Hacker Newsnew | past | comments | ask | show | jobs | submitlogin

You're wrong. Mathematically. Here's why.

When you throw a coin 100 times, each sequence you get is equally likely. However. You can look at properties of the sequence which are more likely to be one way than the other. For instance, it's more likely that the number of heads and tails are about equal than not. The reason is that there are more sequences, in general, where that is true, than those where heads or tails strongly prevail.

With the right property, you can make statements such as: This sequence is statistically likelier to be human made than random.

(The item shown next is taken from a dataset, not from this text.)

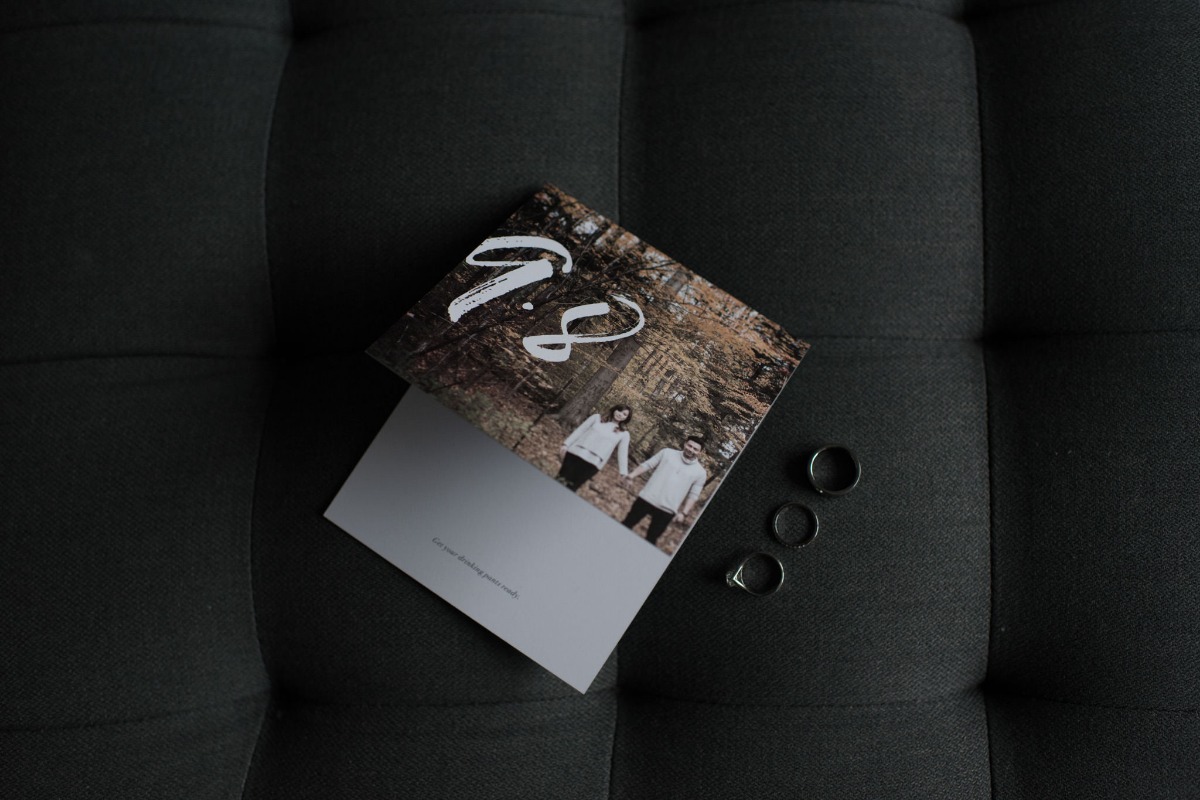 am-web-17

One such property is for instance the number of changes from heads to tails, or vice versa. In expectation, random sequences change heads to tails about 50% of all flips. For humans, the expectation is much higher. Hence, if you compare two sequences where one has 51% changes and one 63%, it is mathematically (/statistically) accurate to say that the latter one is likelier human made.

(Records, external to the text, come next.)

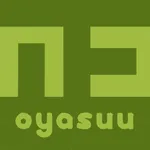 中学数学公式全集 icon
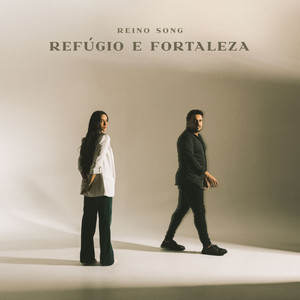 Refúgio e Fortaleza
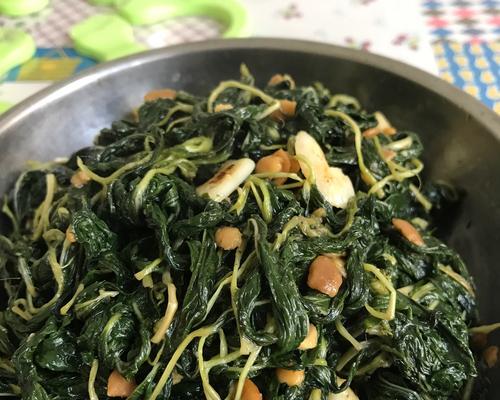 潮汕特色麻叶怎么做？有哪些独特步骤和技巧？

Your point doesnt refute OPs argument. Your final statement "you can say the latter is more likely random" is not the same as "you can say this sequence is not random". I think lots of people (especially programmers) who know about true RNG vs expectations of RNG might intentionally put in strings of same numbers, or not include the full set, because we know its what often happens during plain RNG. It isnt clear what the goal of the sequence is, hence the confusion in the comments.


Exactly, and their "good" dice roll sequence, 3 1 5 6 2 6 3 4 4 1 contained the full set which should only happen ~1/4 of the time for 10 rolls. It also contained no number more than twice, which should happen < 7% of the time. This looks to me like they purposely tried to make this sequence look like their idea of "random".

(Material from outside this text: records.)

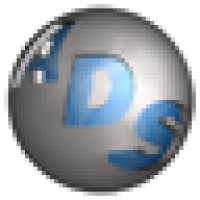 DeMichele Group Logo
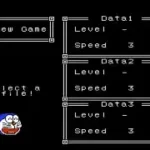 Doraemon - Giga Zombie no Gyakushuu (Japan) [En by WakdHacks v1.0] (~Doraemon - The Revenge of Giga Zombie)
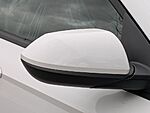 New 2026 HYUNDAI KONA SE in JACKSONVILLE, FLORIDA (Photo 14)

I'm curious about how they scored this section because my overall age was reported to be 60+ with the sequence 2 1 5 2 6 2 2 4 6 6.


I also scored 60+ (actual age is in my 30s). I had similar thoughts and also did things like not use up all the numbers and repeat numbers more than twice exactly because I've looked at a lot of random number sequences in my life and I was trying to make it look like one of those.


> I've looked at a lot of random number sequences in my life and I was trying to make it look like one of those.

This is perhaps the difference between pseudo and statistically random. No idea which of those the study or the experiment is trying to validate btw.

And IIRC, interestingly they write that human capacity to create random numbers declines 25+. I can imagine that the older we are the more we look for something to make our decisions look more random based on what we've learned so far - more time, there was more time to look at more random number sequences - and the less random the outcome will be.


> And IIRC, interestingly they write that human capacity to create random numbers declines 25+. I can imagine that the older we are the more we look for something to make our decisions look more random based on what we've learned so far - more time, there was more time to look at more random number sequences - and the less random the outcome will be.

This is what they are testing, and at least based on the data they've got so far, it looks like it increases up to 25-ish and then stays pretty flat.

Another possibly interesting observation is that their preliminary data set (just eyeballing it, but) looks to have gotten

1) a flatter response

2) generally, less random responses

Which leads me to wonder if the live stats have been skewed more random as there might be some correlation between "interested in this sort of thing" and "has some idea what a random distribution ought to look like," and possibly this knowledge doesn't go away with age.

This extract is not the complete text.